### Work to be completed
A faithful transcription of all the entries below is needed, without the pictures.

Saved data entries:
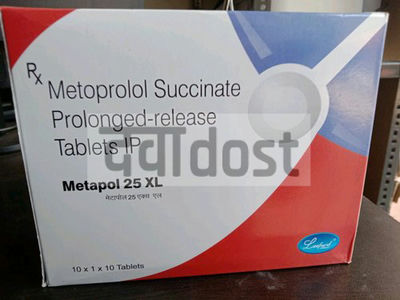 Metapol 25mg Tablet XL 10s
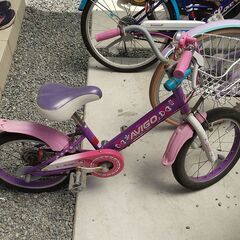 もう使わなくなった子供用自転車お譲りします。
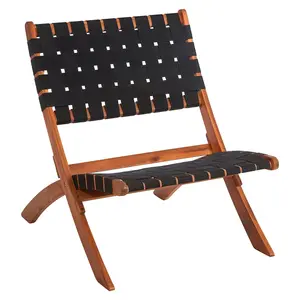 Interiors by Premier Contemporary Emilo Woven Chair, Versatile Rustless Dining Chair, Lightweight Easy Cleaning Outdoor chair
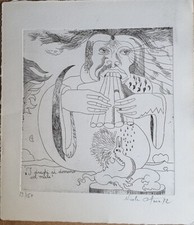 Nicola OTTRIA, Acquaforte 1972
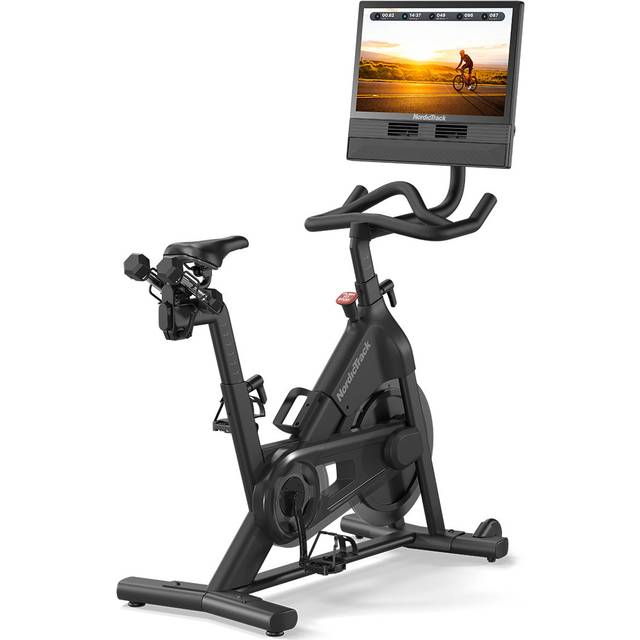 NORDICTRACK 24 Studio Smart WiFi Exercise Bike - Black, Black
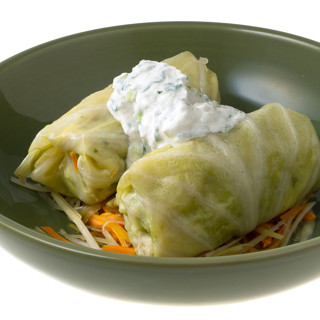 Голубцы с тилапией в духовке 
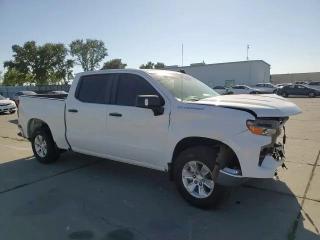 2022 Chevrolet Silverado K1500 VIN: 3GCUDAED8NG568281 Lot: 67176993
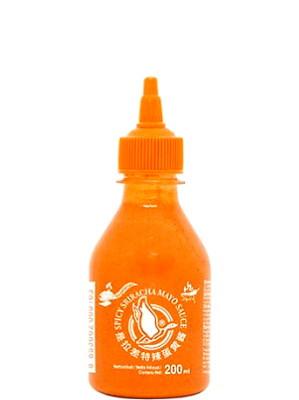 SPICY Sriracha Mayo Sauce 200ml – FLYING GOOSE 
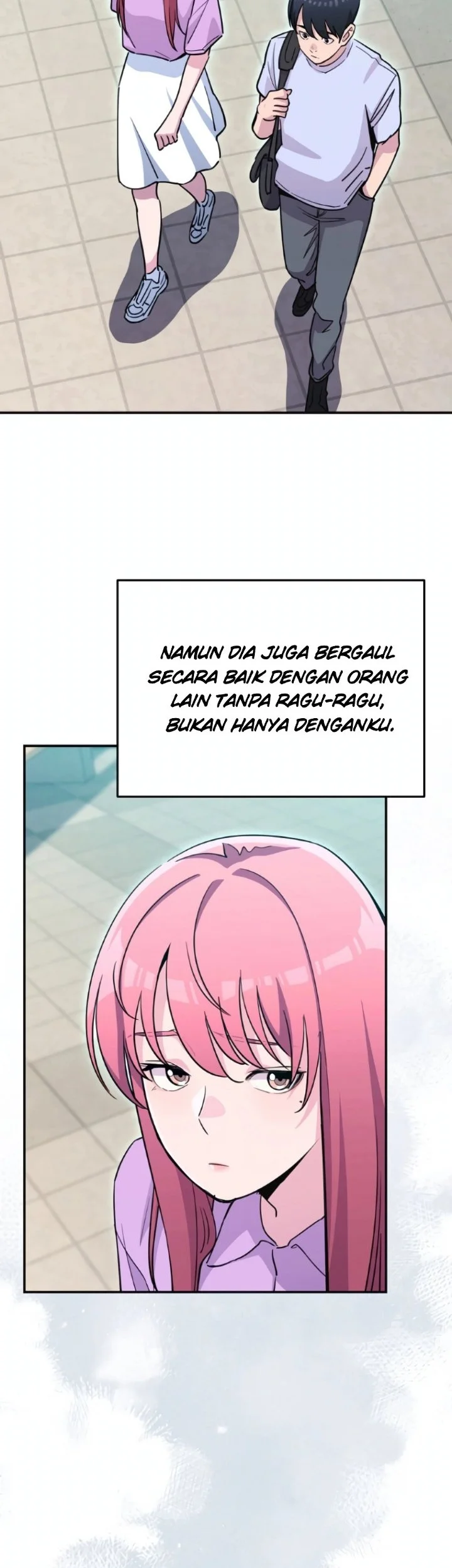 You Like Someone With That Face? Chapter 43 Gambar 23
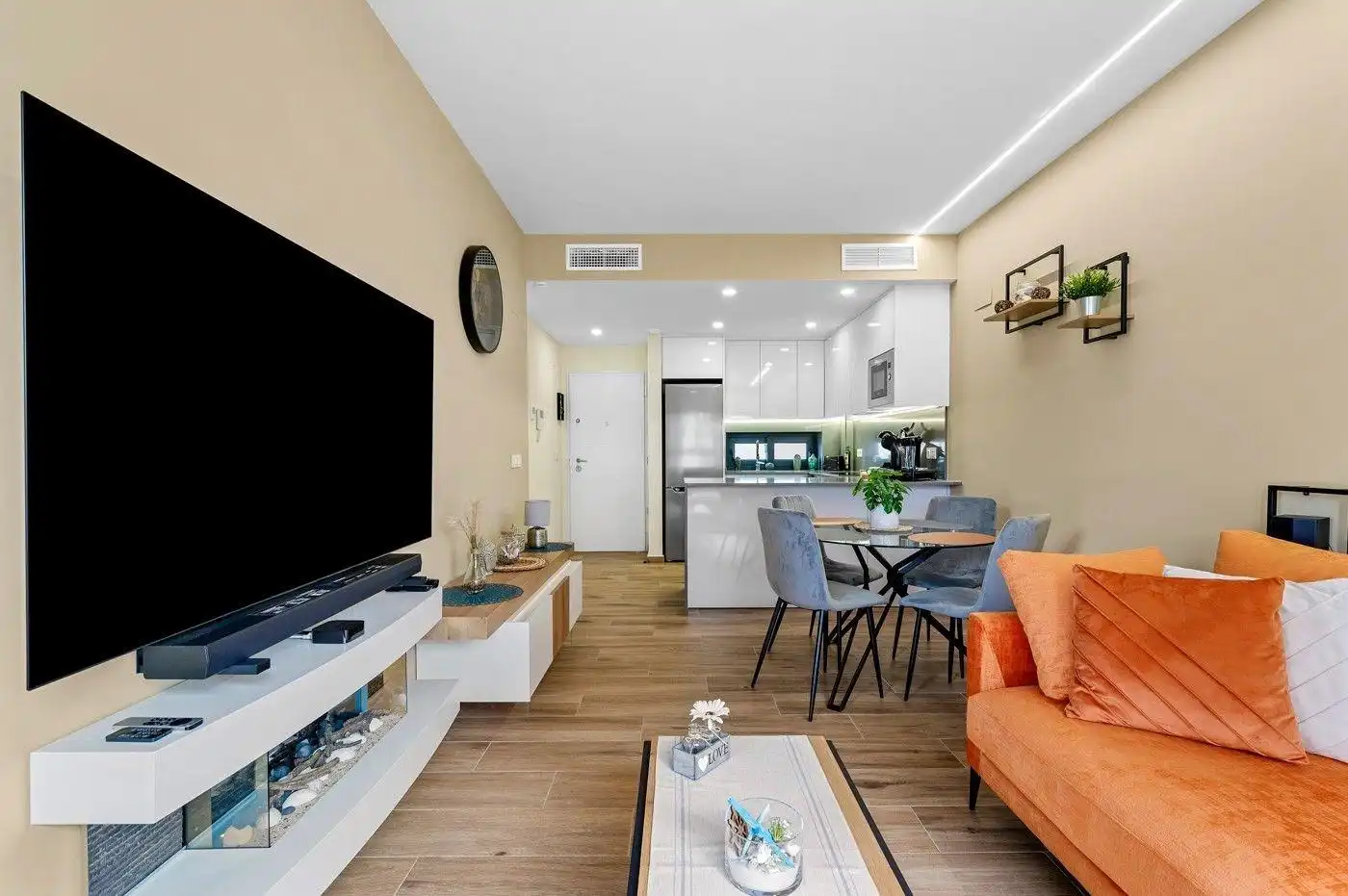 Piano terra con piscina in vendita a Orihuela Costa, imagen 10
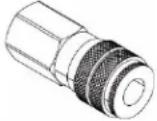 Panduit PDM4.0 - 6A : Alimentation en air - 1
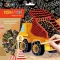 Avenir Kids Scratch Construction 8 darabos építkezés karckép készlet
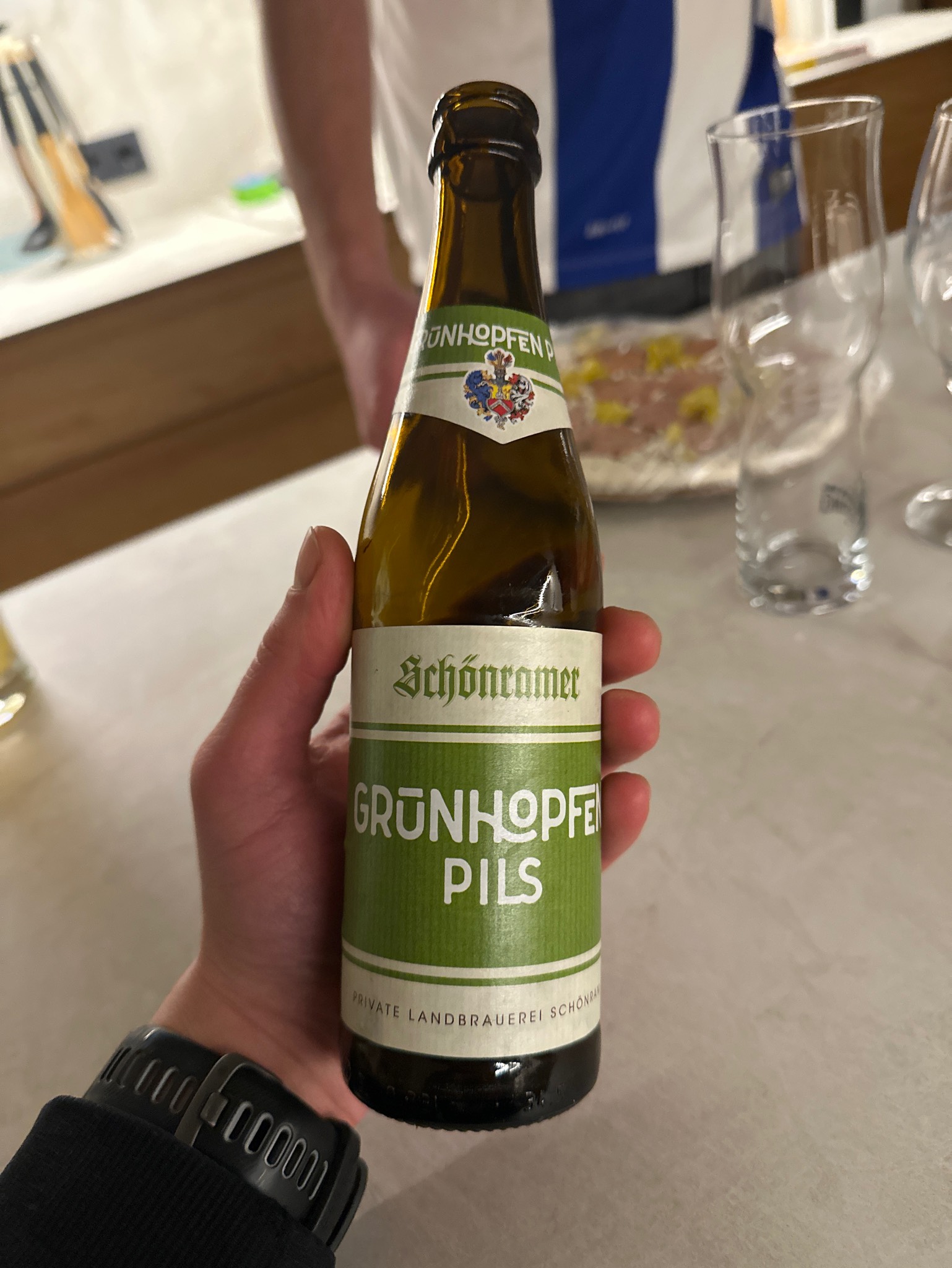 Schönramer Grünhopfen Pils, Private Landbrauerei Schönram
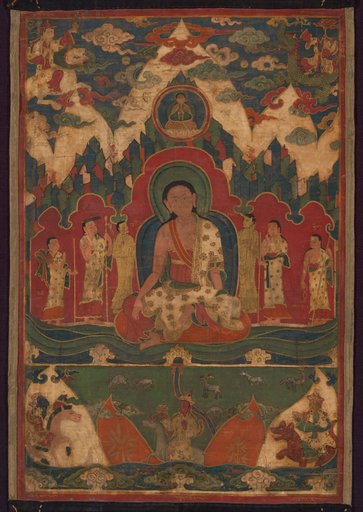 Milarepa on Mount Kailash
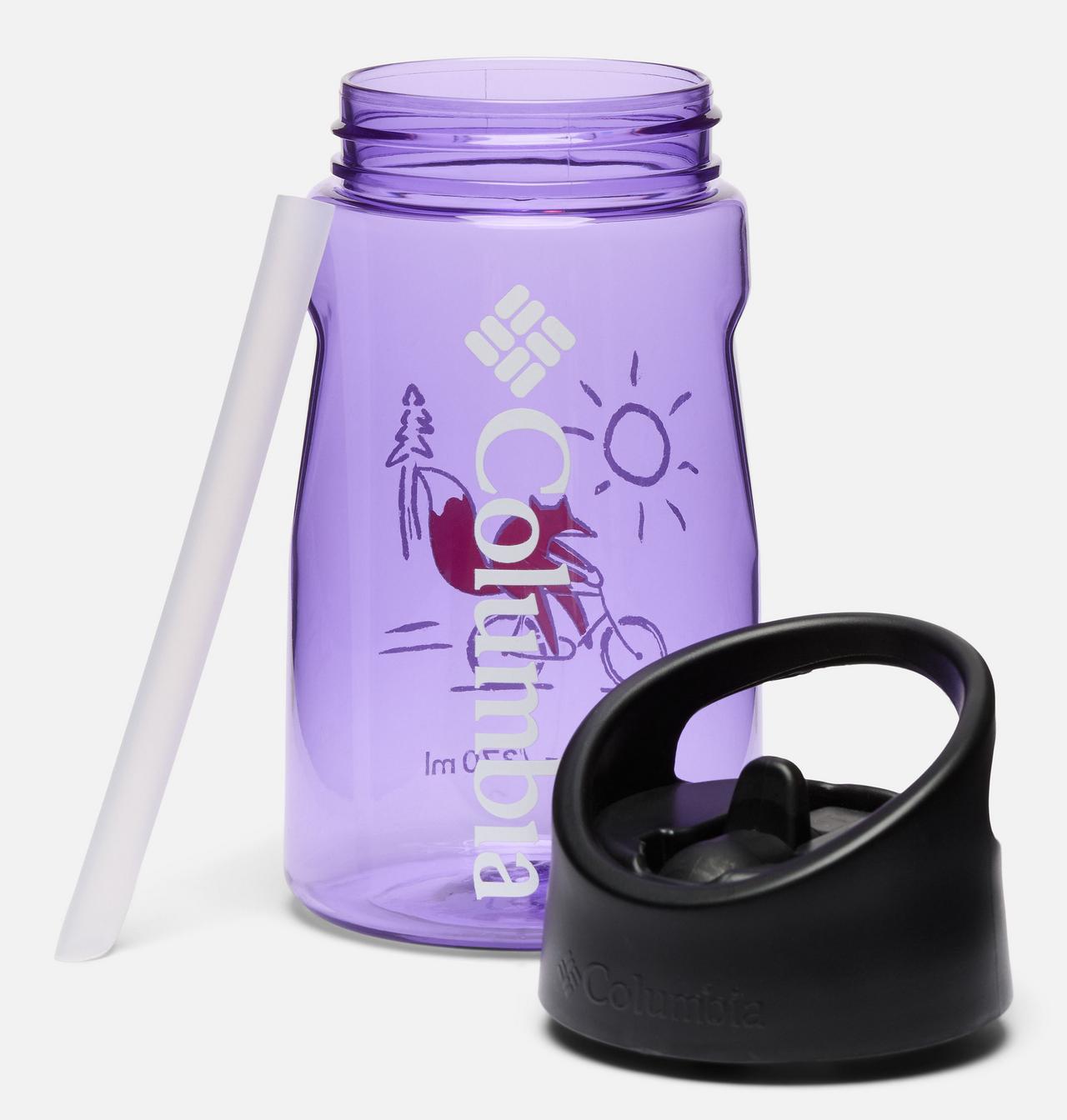 BPA-Free Straw-Top Bottle - 12 oz | 597 | O/S 3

### Task output
 Metapol 25mg Tablet XL 10s
 もう使わなくなった子供用自転車お譲りします。
 Interiors by Premier Contemporary Emilo Woven Chair, Versatile Rustless Dining Chair, Lightweight Easy Cleaning Outdoor chair
 Nicola OTTRIA, Acquaforte 1972
 NORDICTRACK 24 Studio Smart WiFi Exercise Bike - Black, Black
 Голубцы с тилапией в духовке 
 2022 Chevrolet Silverado K1500 VIN: 3GCUDAED8NG568281 Lot: 67176993
 SPICY Sriracha Mayo Sauce 200ml – FLYING GOOSE 
 You Like Someone With That Face? Chapter 43 Gambar 23
 Piano terra con piscina in vendita a Orihuela Costa, imagen 10
 Panduit PDM4.0 - 6A : Alimentation en air - 1
 Avenir Kids Scratch Construction 8 darabos építkezés karckép készlet
 Schönramer Grünhopfen Pils, Private Landbrauerei Schönram
 Milarepa on Mount Kailash
 BPA-Free Straw-Top Bottle - 12 oz | 597 | O/S 3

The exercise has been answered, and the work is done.